The ultrasonic emitter 20 is configured to emit ultrasonic waves 25 at an ultrasonic frequency (for example, 40 kHz). The ultrasonic emitter 20 is attached to the output line 18 so that the ultrasonic wave 25 can be emitted to the output line 18. In this embodiment, the ultrasonic emitter 20 is embedded in the output line 18. More specifically, the output line 18 has an opening (or port) in its wall, and the ultrasonic emitter 20 is attached to the output line 18 so that it can be received at the opening / port (eg, the opening). / Attached via a flange around the port). The ultrasonic emitter 20 may be fixedly attached to the output line 18 or detachably attached to the output line 18.

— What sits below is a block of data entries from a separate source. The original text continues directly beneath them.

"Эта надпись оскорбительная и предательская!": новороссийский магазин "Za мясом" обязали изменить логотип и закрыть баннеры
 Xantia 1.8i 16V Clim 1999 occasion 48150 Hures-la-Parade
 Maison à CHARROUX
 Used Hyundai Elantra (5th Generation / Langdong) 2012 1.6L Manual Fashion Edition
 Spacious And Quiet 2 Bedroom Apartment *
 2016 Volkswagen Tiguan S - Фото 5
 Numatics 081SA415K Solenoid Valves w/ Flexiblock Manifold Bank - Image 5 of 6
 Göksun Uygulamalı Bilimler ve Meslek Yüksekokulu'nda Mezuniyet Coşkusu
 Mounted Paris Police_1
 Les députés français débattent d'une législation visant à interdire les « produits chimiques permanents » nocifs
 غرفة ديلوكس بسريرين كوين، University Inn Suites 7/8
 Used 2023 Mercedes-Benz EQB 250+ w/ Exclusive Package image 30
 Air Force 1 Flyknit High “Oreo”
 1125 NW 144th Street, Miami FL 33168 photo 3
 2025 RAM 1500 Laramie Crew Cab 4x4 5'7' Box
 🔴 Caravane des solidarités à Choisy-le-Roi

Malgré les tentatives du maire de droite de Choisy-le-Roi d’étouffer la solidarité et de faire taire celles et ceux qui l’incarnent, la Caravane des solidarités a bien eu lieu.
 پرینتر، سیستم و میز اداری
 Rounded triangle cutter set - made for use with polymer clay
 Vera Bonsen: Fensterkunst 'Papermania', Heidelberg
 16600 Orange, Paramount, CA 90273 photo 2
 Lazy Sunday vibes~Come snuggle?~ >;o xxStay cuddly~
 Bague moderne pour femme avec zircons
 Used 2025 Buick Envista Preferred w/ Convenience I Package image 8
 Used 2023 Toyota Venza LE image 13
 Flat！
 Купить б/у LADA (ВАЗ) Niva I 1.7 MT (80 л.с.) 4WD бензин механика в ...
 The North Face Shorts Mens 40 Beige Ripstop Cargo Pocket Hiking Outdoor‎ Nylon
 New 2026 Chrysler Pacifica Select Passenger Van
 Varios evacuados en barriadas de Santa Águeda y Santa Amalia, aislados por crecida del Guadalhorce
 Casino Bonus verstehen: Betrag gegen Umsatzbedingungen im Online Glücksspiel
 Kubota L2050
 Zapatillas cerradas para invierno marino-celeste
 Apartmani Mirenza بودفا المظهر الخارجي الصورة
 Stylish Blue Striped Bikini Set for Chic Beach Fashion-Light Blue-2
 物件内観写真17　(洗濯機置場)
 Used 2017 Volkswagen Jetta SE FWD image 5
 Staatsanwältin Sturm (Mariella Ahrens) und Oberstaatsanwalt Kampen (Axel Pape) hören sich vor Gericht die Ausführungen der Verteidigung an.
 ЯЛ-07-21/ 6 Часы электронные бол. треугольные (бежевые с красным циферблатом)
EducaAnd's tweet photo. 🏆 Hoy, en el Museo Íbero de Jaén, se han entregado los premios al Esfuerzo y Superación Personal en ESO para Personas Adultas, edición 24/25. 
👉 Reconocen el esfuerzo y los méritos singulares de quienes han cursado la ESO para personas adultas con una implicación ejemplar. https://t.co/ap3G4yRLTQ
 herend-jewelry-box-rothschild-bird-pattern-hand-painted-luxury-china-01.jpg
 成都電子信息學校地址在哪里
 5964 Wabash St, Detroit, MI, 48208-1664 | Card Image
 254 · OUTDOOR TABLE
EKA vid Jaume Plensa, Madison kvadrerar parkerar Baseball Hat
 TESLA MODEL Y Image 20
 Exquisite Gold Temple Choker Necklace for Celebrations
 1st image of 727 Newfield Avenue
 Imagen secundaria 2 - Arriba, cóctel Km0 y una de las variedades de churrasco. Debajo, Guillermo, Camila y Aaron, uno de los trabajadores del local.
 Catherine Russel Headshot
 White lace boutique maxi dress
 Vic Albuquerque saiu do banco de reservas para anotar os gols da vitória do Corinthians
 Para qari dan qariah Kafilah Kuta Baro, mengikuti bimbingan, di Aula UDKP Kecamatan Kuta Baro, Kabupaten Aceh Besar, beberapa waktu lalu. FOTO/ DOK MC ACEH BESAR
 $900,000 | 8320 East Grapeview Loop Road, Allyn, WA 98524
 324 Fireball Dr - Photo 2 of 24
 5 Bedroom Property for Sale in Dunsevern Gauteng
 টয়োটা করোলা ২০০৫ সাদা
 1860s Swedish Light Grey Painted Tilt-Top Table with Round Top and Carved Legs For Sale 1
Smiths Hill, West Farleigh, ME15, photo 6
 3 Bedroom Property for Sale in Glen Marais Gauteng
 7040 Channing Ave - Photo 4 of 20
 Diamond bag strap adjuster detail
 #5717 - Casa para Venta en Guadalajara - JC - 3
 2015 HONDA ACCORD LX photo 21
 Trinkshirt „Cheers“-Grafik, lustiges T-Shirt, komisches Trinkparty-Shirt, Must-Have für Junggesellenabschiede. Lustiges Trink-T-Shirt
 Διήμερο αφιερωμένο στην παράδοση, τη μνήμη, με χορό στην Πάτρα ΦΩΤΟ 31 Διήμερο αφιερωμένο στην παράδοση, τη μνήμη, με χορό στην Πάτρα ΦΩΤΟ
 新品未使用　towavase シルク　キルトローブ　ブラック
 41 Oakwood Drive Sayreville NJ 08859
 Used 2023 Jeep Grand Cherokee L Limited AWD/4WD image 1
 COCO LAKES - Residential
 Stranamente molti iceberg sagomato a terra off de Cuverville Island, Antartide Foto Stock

The ultrasonic detector 22 is configured to detect the presence of the ultrasonic wave 25 within the detection range (for example, within 5 cm). Specifically, the ultrasonic detector 22 is configured to detect the ultrasonic 25 emitted by the ultrasonic emitter 20. The ultrasonic detector 22 is also configured to provide notification that the ultrasonic 25 has been detected within its detection range in response to detection of the presence of the ultrasonic 25 within its detection range. For example, the ultrasonic detector 22 can include a display and the notification can be a visual notification on the display. Alternatively, the notification can be an audible notification such as an alarm. In the present embodiment, the ultrasonic detector 22 is not attached to the output line 18 or the ultrasonic emitter 20, and presents a unit different from the output line 18 and the ultrasonic emitter 20.

The ultrasonic emitter 20 and the ultrasonic detector 22 can be used to detect the leak point 24 in the output line 18. This will be described with reference to FIG.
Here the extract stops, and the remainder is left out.